Array Deduplication Methods

// Method 1
const arr1 = [...new Set(originalArr)]
// Method 2 (fails for NaN)
const arr2 = originalArr.filter((item, index) => originalArr.indexOf(item) === index)
// Method 3
const arr3 = originalArr.reduce((acc, cur) => acc.includes(cur) ? acc : [...acc, cur], [])

Object Copy Methods

// Shallow copy
const obj1 = { ...originalObj }
const obj2 = Object.assign({}, originalObj)
// Deep copy (no functions)
const deep1 = JSON.parse(JSON.stringify(originalObj))
// Recursive deep clone
function deepClone(original) {
  if (original === null || typeof original !== 'object') return original
  const clone = Array.isArray(original) ? [] : {}
  for (let key in original) {
    if (original.hasOwnProperty(key)) {
      clone[key] = deepClone(original[key])
    }
  }
  return clone
}

Array Intersection, Union, Difference

let arr2 = [1,2,3,4,5]
let arr3 = [3,4,1,2]
// Intersection
console.log(arr2.filter(item => arr3.includes(item)))
// Union
console.log(Array.from(new Set([...arr2, ...arr3])))
// Difference arr2 - arr3
console.log(arr2.filter(item => !arr3.includes(item)))
// Difference arr3 - arr2
console.log(arr3.filter(item => !arr2.includes(item)))

Array Flatten

function flatter(arr) {
  if (!arr.length) return
  return arr.reduce((pre, cur) => Array.isArray(cur) ? [...pre, ...flatter(cur)] : [...pre, cur], [])
}
let arr = [1,2,[1,[2,3,[4,5,[6]]]]]
console.log(flatter(arr))

CSS Centering Techniques

/* Flexbox */
.container { display:flex; justify-content:center; align-items:center; }
/* Absolute + transform */
.container { position:relative; }
.child { position:absolute; top:50%; left:50%; transform:translate(-50%,-50%); }
/* Absolute + margin auto */
.child { position:absolute; top:0; right:0; bottom:0; left:0; margin:auto; }
/* Table layout */
.container { display:table-cell; vertical-align:middle; text-align:center; }
.child { display:inline-block; }

let and const

Both introduce block‑level scope; variables are not hoisted and cannot be redeclared.

if (false) {
  let value = 1
}
console.log(value) // ReferenceError

Temporal Dead Zone (TDZ) causes a ReferenceError when accessing the variable before its declaration.

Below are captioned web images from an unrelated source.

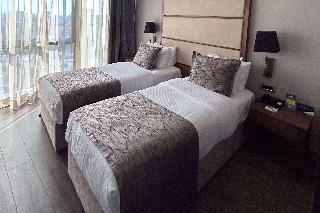Days Hotel by Wyndham Istanbul Maltepe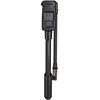 Image de Topeak - Pocket Shock Digital - Pompe à main - Taille unique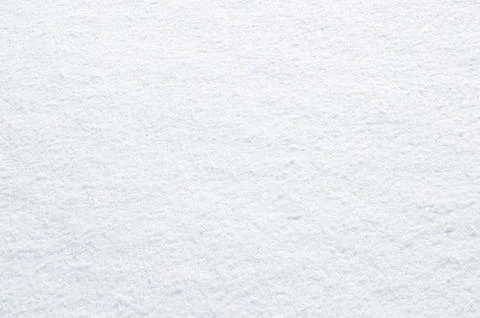 Snow texture 스톡 사진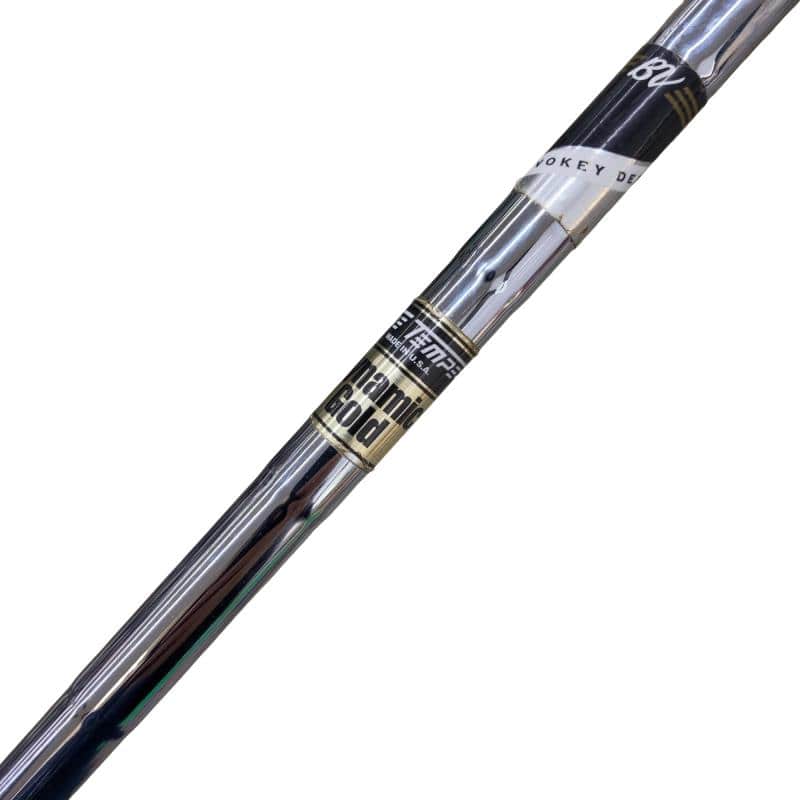 �u�n�j�d�x�@�r�o�h�m�@�l�h�k�k�d�c�i�Q�O�O�X�j�@�T�U°�^�O�W°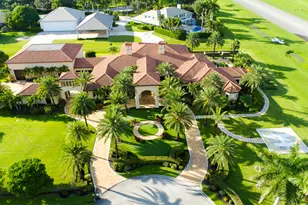 15855 Barnstormer Ct, Wellington, FL 33414 - Photo 8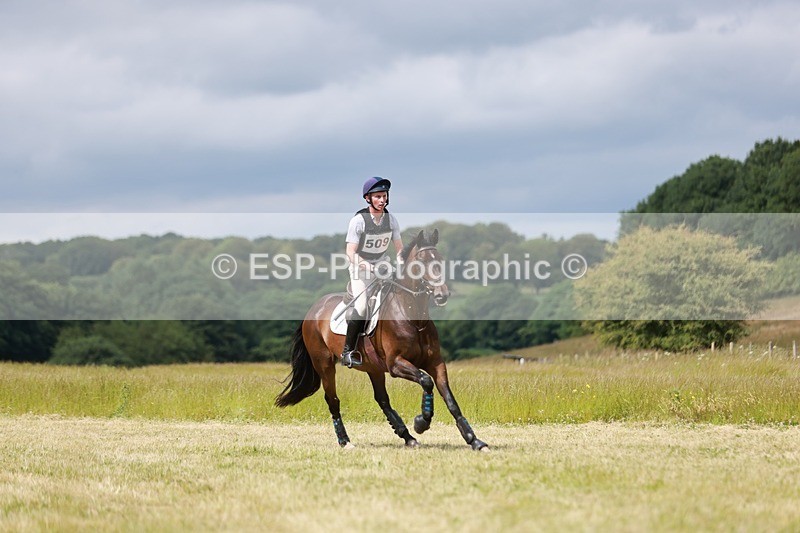 240630X-155321-9359 - 509-Thomas_Hawke-DEISE_JACKPOT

console.log(typeof value) // ReferenceError
let value = 1

Arrow Functions

No own this ; inherits from the nearest non‑arrow function.

Cannot be used with call , apply , bind .

No arguments object.

Cannot be instantiated with new .

No prototype.

var Foo = () => {}
console.log(Foo.prototype) // undefined

Object Traversal

For‑of iterates values, for‑in iterates keys and traverses the prototype chain (slow). Use Object.keys , Object.values or Object.entries for safe iteration.

Summary

for…in is designed for object key traversal and should not be used for arrays; for…of works with arrays, array‑like objects, strings, Set, Map, and generators.